I received a call from John Hopkins on Friday. They have reviewed Sophie's medical records and have accepted her into the program. The only problem...the next opening is not until April 16th. I really do not think I can wait two months to start the diet. Sophie is having between 50 to 75 seizures a day. It is so hard to watch her have seizures all day long. Now that she is more mobile, her seizures have become more dangerous to her physically. She will be standing while playing with a toy and then suddenly have a head drop seizure and smashes her face right into the toy. It is so sad.

Here's a picture of her favorite toy.
She loves to push this toy around the room.

The other night, when she was playing with her favorite toy,
she had a seizure and cut the side of her face.
You can also see her busted lip from when she had a seizure
while sitting in her highchair.
Cruising...

Definition of cruising: Holding on to an object while walking sideways. I think Sophie's physical therapist has some competition. Grandma Debbie came over last night and had Sophie cruising from one toy to another. Sophie has a few tall toys in which she stands while playing with them. Grandma Debbie pushed them together and Sophie was cruising around. Sophie is also now able to stand without support for a few seconds. She is getting so strong. It is only a matter of days before she starts walking by herself.

Friday, February 09, 2007

Walking with assistance...

Wow, Sophie is really starting to get around. She will crawl from one room to another to look for me. Before, if I wasn't in the room, she would cry until I came within five feet of her and then she would crawl to me. She will also go from one toy to another (i.e. she will play with her push toy and then get down and play with her activity table). She is also walking very well with her push toy. I wonder if it has anything to do with the fish oils I started giving her a couple of weeks ago...hmmm. She has also started cruising around the furniture. I use the term "started" very loosely as she has only done it a couple of times and only moved a couple of feet, but still she is getting there.
Another specialist...

We met with the Otolaryngologists yesterday. Of course he recommended that Sophie get tubes put in her ear. I am on the fence on whether or not to get tubes for her. When he looked in Sophie's ear, they looked perfect...no infection, no fluid. So I am thinking that maybe I will wait and see if she gets another ear infection. You can get tubes put in while you have an ear infection. Maybe she is over the hump. On the other hand, even if she is over the hump for this cold and flu season, there is always next year. Do we really want to deal with another ear infection??? Decisions, decisions, decisions!

Sunday, February 04, 2007

15 month checkup...

Sophie had her 15 month checkup with the pediatrician last Wednesday.
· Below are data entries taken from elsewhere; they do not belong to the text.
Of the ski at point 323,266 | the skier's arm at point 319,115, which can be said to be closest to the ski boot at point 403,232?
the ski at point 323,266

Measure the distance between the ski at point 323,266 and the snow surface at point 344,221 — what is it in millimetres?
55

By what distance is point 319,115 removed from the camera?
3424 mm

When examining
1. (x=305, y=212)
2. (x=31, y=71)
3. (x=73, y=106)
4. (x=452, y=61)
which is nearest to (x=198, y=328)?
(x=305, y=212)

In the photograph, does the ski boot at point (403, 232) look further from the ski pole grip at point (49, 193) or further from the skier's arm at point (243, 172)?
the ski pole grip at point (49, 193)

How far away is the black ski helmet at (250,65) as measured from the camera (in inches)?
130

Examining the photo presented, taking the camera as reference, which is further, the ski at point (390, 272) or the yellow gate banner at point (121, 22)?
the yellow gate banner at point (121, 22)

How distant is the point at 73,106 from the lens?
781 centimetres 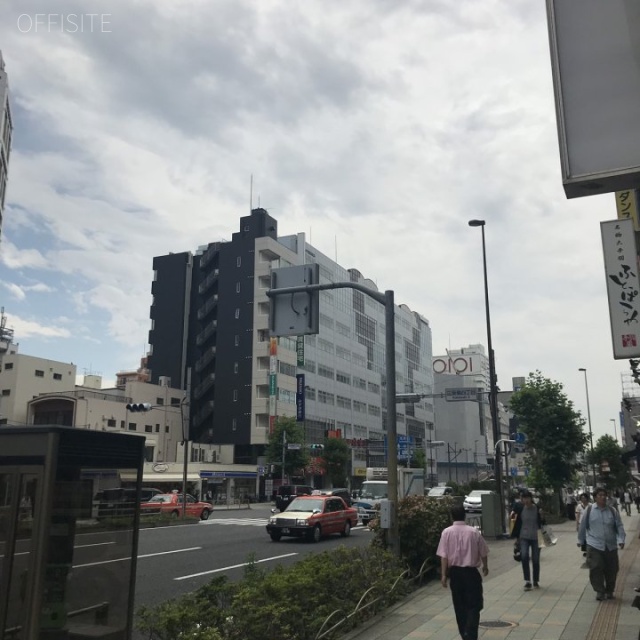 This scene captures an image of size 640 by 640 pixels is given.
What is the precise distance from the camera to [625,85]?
5.02 metres

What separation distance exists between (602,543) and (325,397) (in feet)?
239

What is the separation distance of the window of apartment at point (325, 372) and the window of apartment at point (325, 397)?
7.19 feet

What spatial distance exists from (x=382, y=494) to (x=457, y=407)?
10208 centimetres

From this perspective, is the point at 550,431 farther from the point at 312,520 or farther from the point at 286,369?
the point at 286,369

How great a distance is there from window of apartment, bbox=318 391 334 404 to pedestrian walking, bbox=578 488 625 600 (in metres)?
71.0

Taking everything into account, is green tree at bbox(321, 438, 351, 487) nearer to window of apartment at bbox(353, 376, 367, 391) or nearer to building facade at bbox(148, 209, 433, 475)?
building facade at bbox(148, 209, 433, 475)

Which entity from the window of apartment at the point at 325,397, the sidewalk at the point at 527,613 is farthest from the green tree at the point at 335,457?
the sidewalk at the point at 527,613

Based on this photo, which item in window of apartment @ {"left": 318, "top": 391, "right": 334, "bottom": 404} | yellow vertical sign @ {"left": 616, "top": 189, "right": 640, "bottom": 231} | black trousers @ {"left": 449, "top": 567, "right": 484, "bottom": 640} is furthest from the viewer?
window of apartment @ {"left": 318, "top": 391, "right": 334, "bottom": 404}

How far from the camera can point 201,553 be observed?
19031mm

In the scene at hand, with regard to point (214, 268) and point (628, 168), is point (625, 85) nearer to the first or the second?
point (628, 168)

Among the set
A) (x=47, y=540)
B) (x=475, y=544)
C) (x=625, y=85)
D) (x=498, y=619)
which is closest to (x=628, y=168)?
(x=625, y=85)

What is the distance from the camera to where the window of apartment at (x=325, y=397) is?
267ft

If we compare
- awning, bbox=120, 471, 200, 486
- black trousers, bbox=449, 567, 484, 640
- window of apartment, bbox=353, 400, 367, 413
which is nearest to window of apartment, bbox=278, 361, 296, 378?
awning, bbox=120, 471, 200, 486

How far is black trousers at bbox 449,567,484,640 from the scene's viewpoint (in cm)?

Bad news...her ear infection has gotten worse. We are on a new antibiotic (5th one in the last two months). Needless to say, we are now going to see an Otolaryngologists (Ear, Nose and Throat Specialist). Sophie continues to surprise us with her height. She is 32.75 inches tall which is 97th percentile on the charts. On the other hand, she has dropped down to 70th percentile on weight. She weighs 24 pounds 4 ounces.

Sophie continues to get stronger every day. She is now able to walk across the room while pushing a toy without our assistance!!! She gets so frustrated that she cannot walk on her own. All she wants to do all day long is stand.

By the way, we are still waiting on the Clobazam. Also, we traveled to Chicago on Friday so Sophie could get an adjustment on her band. It is fitting much better now.